Снова повторялась сцена в Манчестере, только в обратном порядке, потому что там она назвала меня так после того, как раздразнила, а на этот раз она сначала сказала мне, кто я такой; глаза ее опять загорелись зеленым огоньком, кончик носа дрожал, и она принялась за дело; ее язык скользнул мне в рот, как письмо в конверт, и руки тоже не оставались праздными. Но на этот раз — хоть и не стану притворяться, что сохранил хладнокровие, — я отступил и обратился в бегство.
— Ну ладно, хватить ломаться! — крикнула она нетерпеливо. И, схватив меня за руку, потащила к двери в спальню. — Скажи ради Бога, чего еще тебе надо? Смотри!

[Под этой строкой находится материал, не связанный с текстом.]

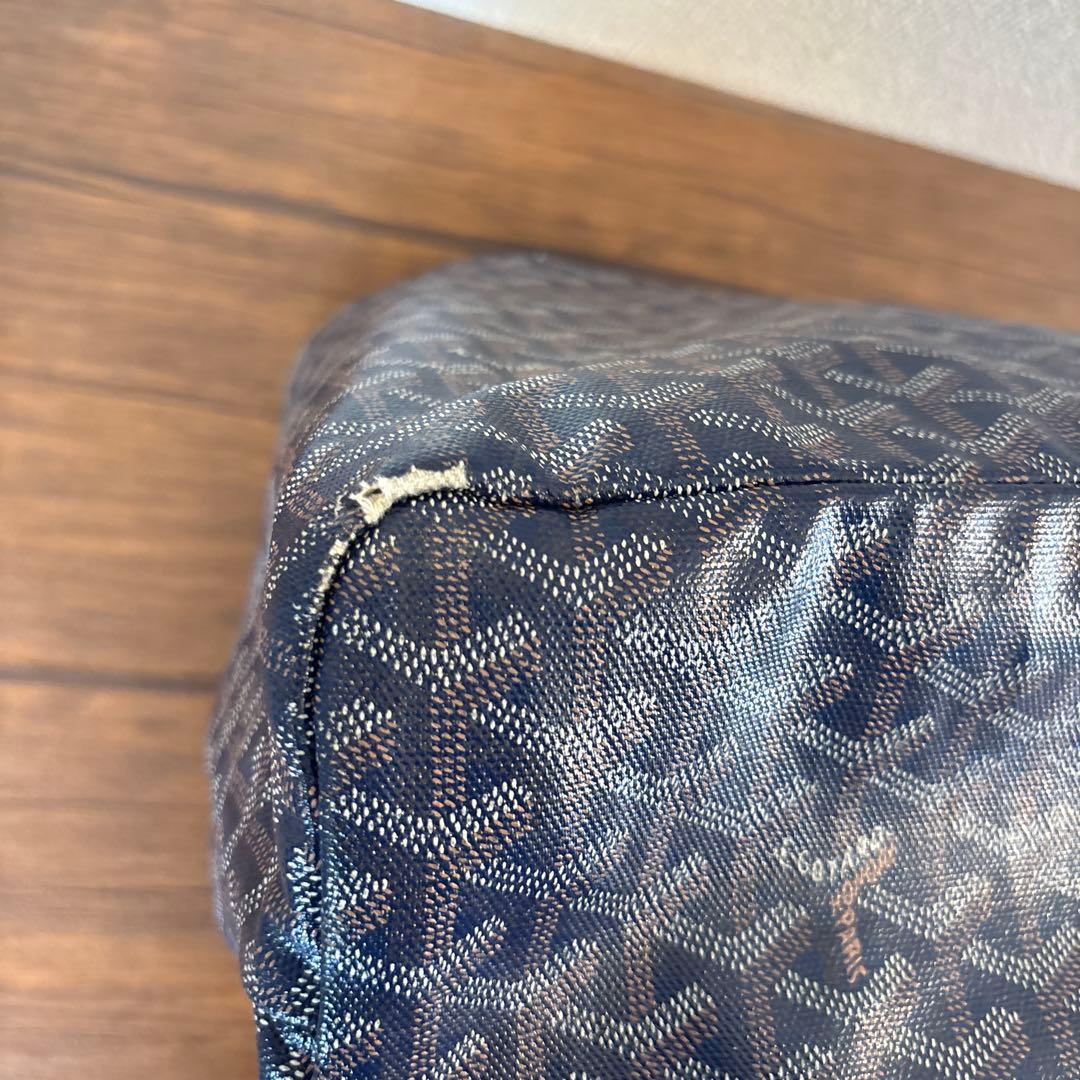 正規品 Goyard ゴヤール ネイビー サンルイpm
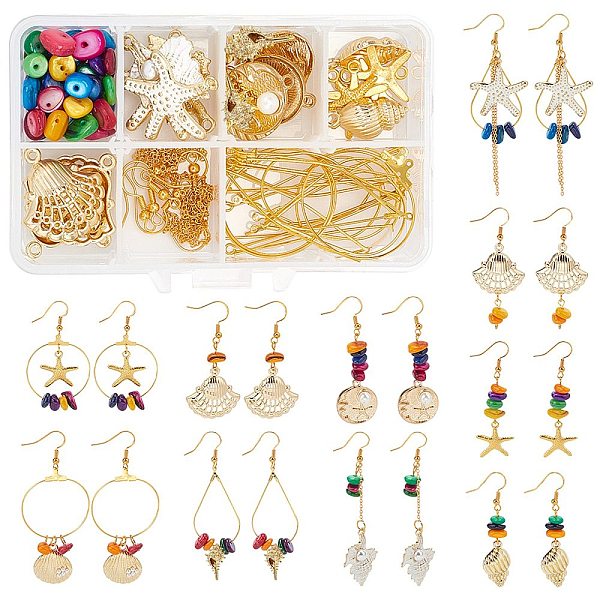 PandaHall SUNNYCLUE 1 Box DIY Make 10 Pairs Shell Starfish Earring Dangles Making Kit Scallop Alloy Pendants Flat Round Teardrop Steel...
PandaHall SUNNYCLUE 1 Box DIY Make 10 Pairs Shell Starfish Earring Dangles Making Kit Scallop Alloy Pendants Flat Round Teardrop Steel...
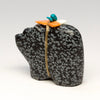 Stunning Snowflake Obsidian Bear
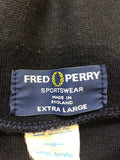 XL  Urban Village Vintage  training  Tracksuit Top  Tracksuit  track  top  sportswear  retro  mens  logo  Jacket  Fred Perry  fred  blue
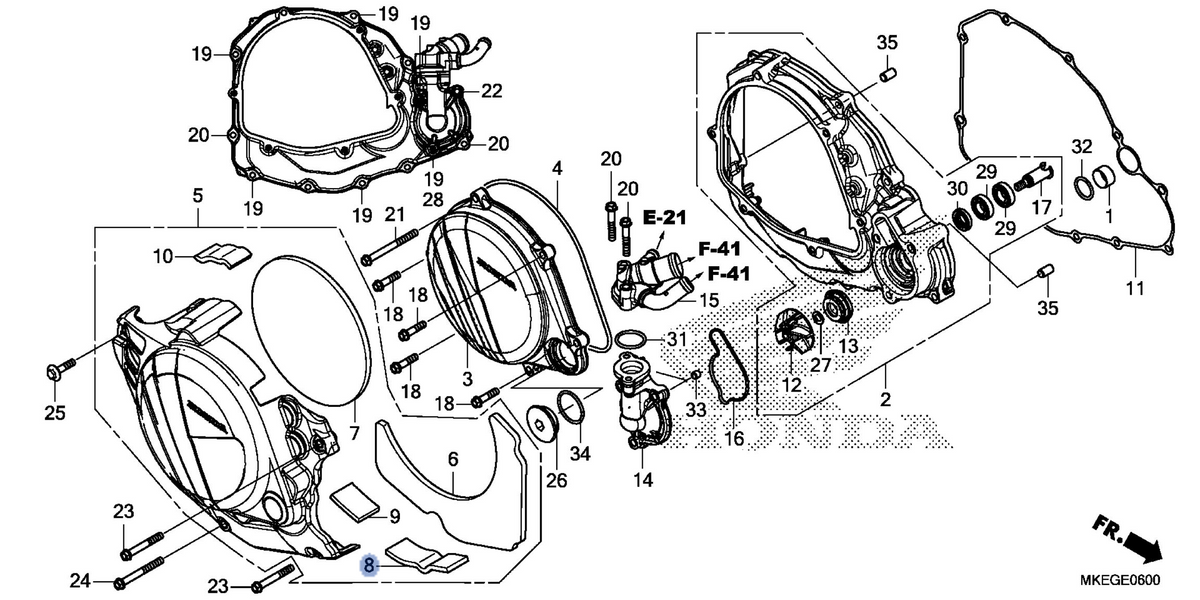 Honda OEM part 11367-MKE-A50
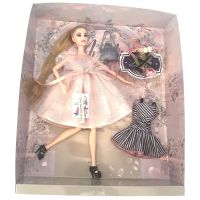 Bábika, ružové šaty 2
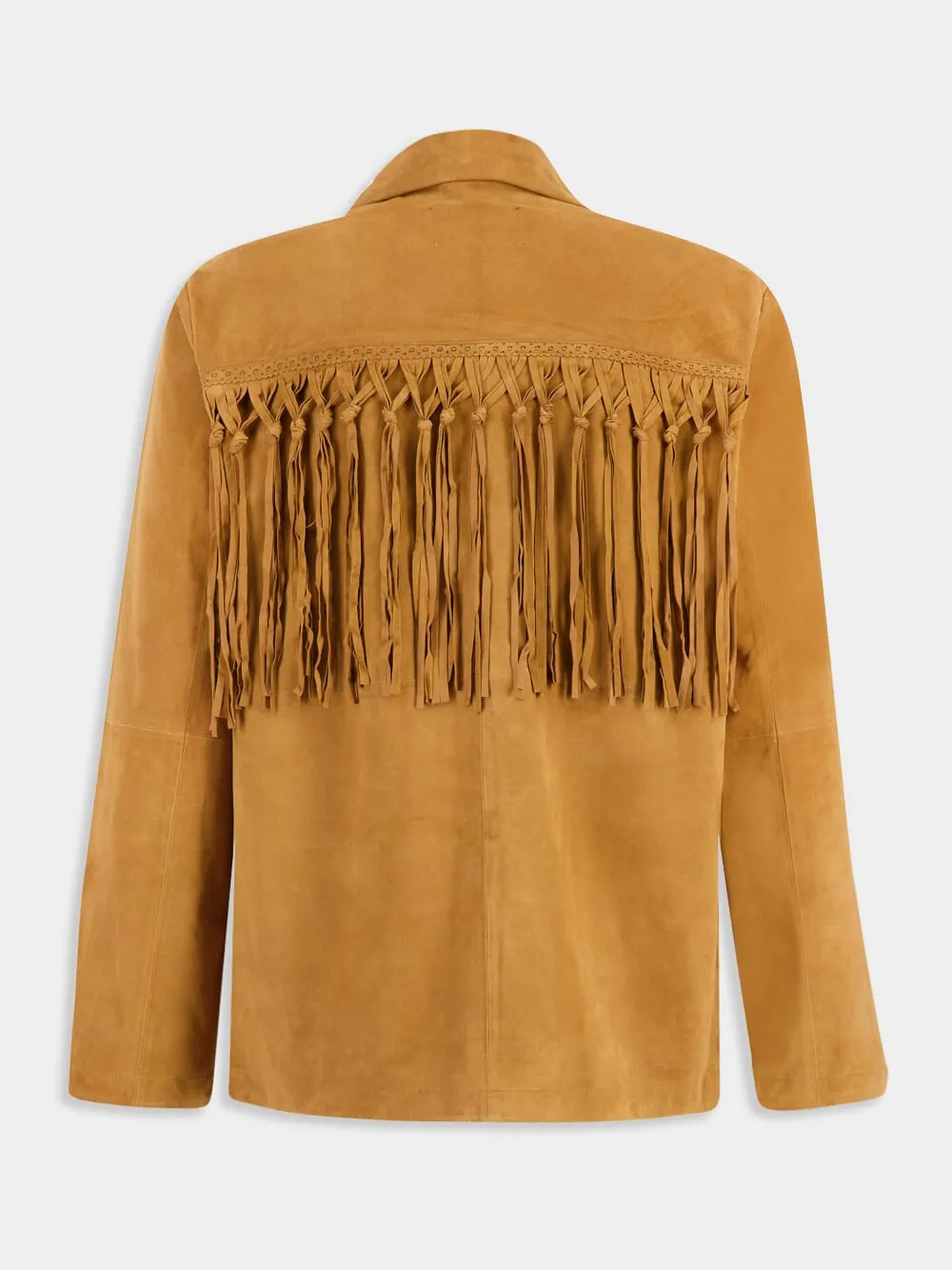 Cognac Brown Vestige Jacket sold by Fashion Clinic product image thumbnail 3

Потом я подумал, что с их стороны было бы куда умнее оставить Филлис полураздетой, они же вместо этого сняли с нее все до нитки и уложили на кровать совершенно обнаженной. Может быть, из-за того, что я посещал класс живой натуры, или просто потому, что таков был мой душевный склад, — но я видел в ней не предмет возможного желания, а лишь человеческую фигуру, резко освещенную сверху; я видел розоватые блики и зеленоватые тени, изящный изгиб груди и бедер, видел, что левая ладонь прикрывает глаза, а правая лежит на левом плече. Я смотрел на Женщину, а не на Филлис Робинсон, раздетую, беспомощную и ничего не сознающую.
— Вот она, — услышал я голос Мергена. — Берите ее, мой мальчик, берите ее.
— И поскорее, слышишь? — сказала Лили, тяжело дыша прямо мне в ухо. Она было принялась меня раздевать, но я оттолкнул ее. Мне показалось, что она зашипела.
Я повернулся к Мергену.
— Послушайте, чего вам надо? — Теперь я уже и сам это знал, но мне хотелось заставить его высказаться.
— Вот она, Ричард. Вы насладитесь ею. А мы тоже насладимся, глядя, как наслаждаетесь вы. У людей разные вкусы, поймите…
Лили шипела что-то у самого уха, она была вне себя, я повернулся и сильно ударил ее по лицу. Она взвизгнула, я вытолкнул ее из спальни и дал ей такого пинка, что она отлетела и врезалась в какую-то мебель. Я кинулся обратно в спальню и запер дверь. Мерген не двигался, он походил на огромную и страшную восковую куклу.
Я открыл другую дверь, выходившую в коридор.
— Вон, — сказал я ему, — или я всем расскажу, клянусь, я это сделаю. А из вас кишки выпущу, Мерген. Вы хотели полюбоваться, как я насилую хорошенькую пьяную девочку? Убирайтесь вон!
Он медленно сдвинулся с места и неуклюже направился к двери, — половина разгромленной армии. Потом обернулся и хрипло спросил:
— Что вы собираетесь делать?
— Ничего такого, на что вам приятно было бы полюбоваться. — Я услышал, что Лили, словно огромная кошка, царапается ногтями в другую дверь. — Теперь слушайте. Скажите Лили, чтобы она прекратила, иначе я обойду вокруг и так отхлещу ее, что она ослепнет.